The defeat of the so-called “personhood” amendment may have had less to do with traditional abortion politics, and more to do with its potential impact on the availability of birth control and fertility treatments. Dr. Douglas Laube, the board chair for Physicians for Reproductive Choice and Health, who opposed the measure, said that because the personhood amendment called for establishing rights at the time of fertilization, it would likely have meant that birth control options that prevent implantation would have been disallowed. That includes emergency contraception and intrauterine devices (IUDs), he said.
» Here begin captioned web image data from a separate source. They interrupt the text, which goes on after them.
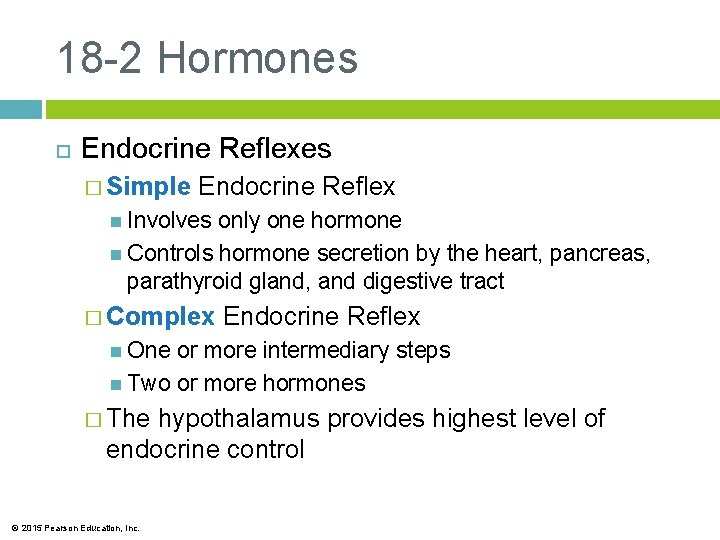 18 -2 Hormones Endocrine Reflexes � Simple Endocrine Reflex Involves only one hormone Controls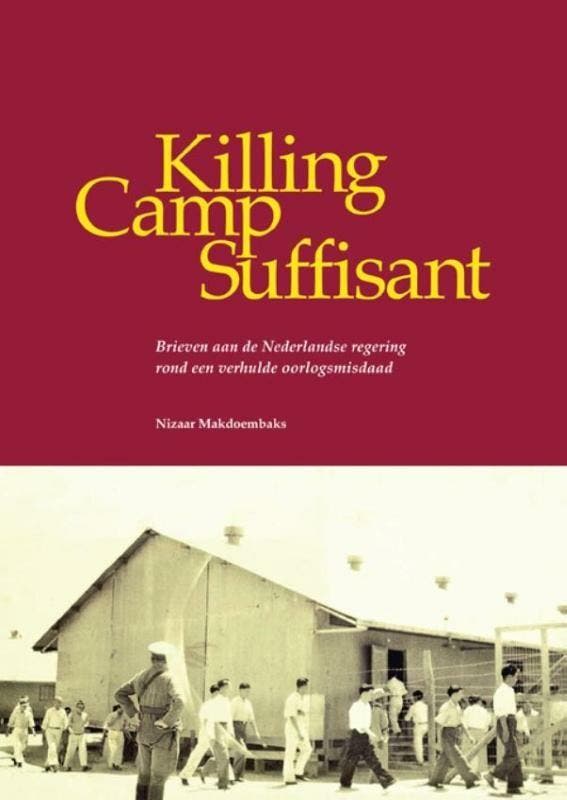 Killing Camp Suffisant 9789076286273 Nizaar Makdoembaks, Boeken, Geschiedenis | Nationaal, Gelezen, Verzenden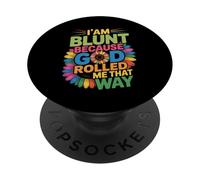 I'm Blunt Because God Rolled Me That Way Christian Sunflower PopSockets Adhesive PopGrip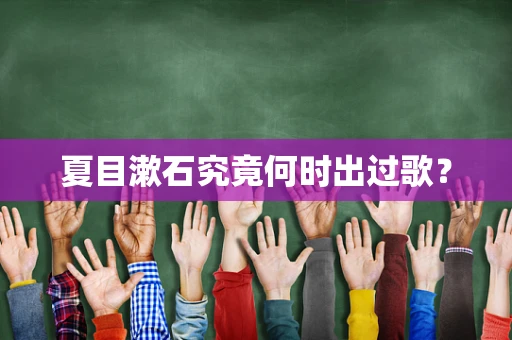 夏目漱石究竟何时出过歌？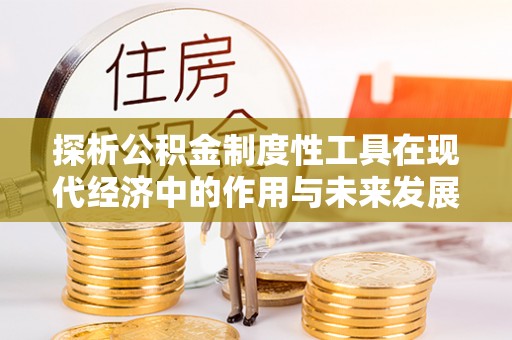铁岭探析公积金制度性工具在现代经济中的作用与未来发展趋势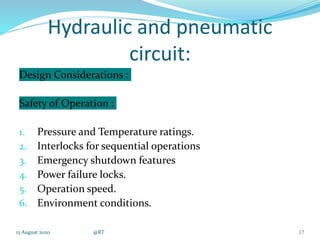 Hydraulic and pneumatic
circuit:
Design Considerations :
Safety of Operation :
1. Pressure and Temperature ratings.
2. Interlocks for sequential operations
3. Emergency shutdown features
4. Power failure locks.
5. Operation speed.
6. Environment conditions.
13 August 2020 @RT 17
 
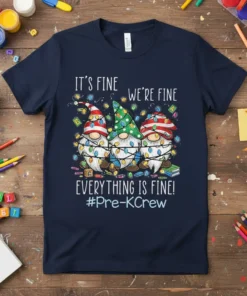 It's Fine We're Fine Everything Is Fine! #Pre-KCrew t-shirt with three gnomes wrapped in Christmas lights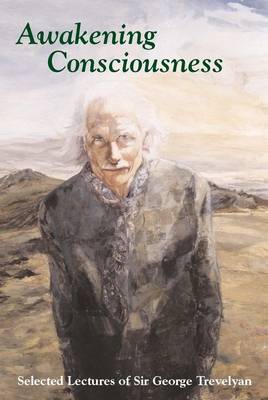 Awakening Consciousness: Selected Lectures of Sir George Trevelyan (Paperback)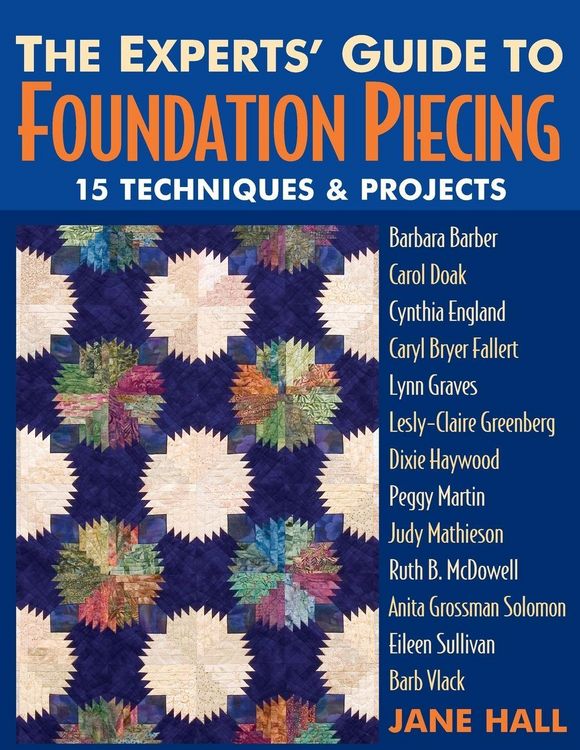 Produktbild: The Experts' Guide to Foundation Piecing - Print on Demand Edition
Courtesy Wikimedia Commons/Gloecknerd/Creative Commons Liscense

 

An IUD like this one might have been outlawed under the personhood amendment

 

    

In-vitro fertilization also could have been impacted. Supporters of the personhood amendment said the the availability of IVF wouldn’t have been affected, but they acknowledged that the amendment would have barred the destruction of embryos by fertility clinics since it defined a person as “every human being from the moment of fertilization, cloning, or functional equivalent thereof.”
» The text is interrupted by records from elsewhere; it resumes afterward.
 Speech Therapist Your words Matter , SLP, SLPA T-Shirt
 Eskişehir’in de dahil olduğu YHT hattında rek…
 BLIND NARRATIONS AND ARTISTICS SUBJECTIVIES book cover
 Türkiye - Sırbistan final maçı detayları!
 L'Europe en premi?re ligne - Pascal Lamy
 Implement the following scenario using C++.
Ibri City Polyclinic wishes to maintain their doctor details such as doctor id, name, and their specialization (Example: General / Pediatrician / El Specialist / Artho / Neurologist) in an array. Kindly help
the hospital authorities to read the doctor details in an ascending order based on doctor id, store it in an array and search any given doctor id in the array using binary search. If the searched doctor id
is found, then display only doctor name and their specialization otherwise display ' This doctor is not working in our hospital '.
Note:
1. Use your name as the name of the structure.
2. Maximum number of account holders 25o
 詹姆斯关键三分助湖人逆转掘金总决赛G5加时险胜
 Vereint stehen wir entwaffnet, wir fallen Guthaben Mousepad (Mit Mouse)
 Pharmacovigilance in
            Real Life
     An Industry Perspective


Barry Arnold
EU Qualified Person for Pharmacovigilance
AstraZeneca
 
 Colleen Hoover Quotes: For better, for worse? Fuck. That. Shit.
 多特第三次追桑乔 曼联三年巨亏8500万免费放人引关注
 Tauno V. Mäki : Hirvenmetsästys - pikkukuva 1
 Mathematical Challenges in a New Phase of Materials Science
Jennifer Mason, a spokeswoman for Personhood USA, which is promoting similar constitutional amendments around the country, said the change could end up being better for everyone. Instead of destroying excess embryos, fertility clinics could freeze them for future implantations or the embryos could be adopted by infertile couples. But the American Society for Reproductive Medicine and the Society for Assisted Reproductive Technology didn’t agree. In advance of the vote, the groups wrote to the Mississippi Secretary of State citing the uncertainty that any particular embryo will develop to become a person and calling it “unreasonable and imbalanced to give constitutional rights to fertilized eggs or embryos.”

The personhood debate is far from over. Personhood USA boasts that it is active in all 50 states and that the group plans to keep pursuing state constitutional amendments to outlaw abortion.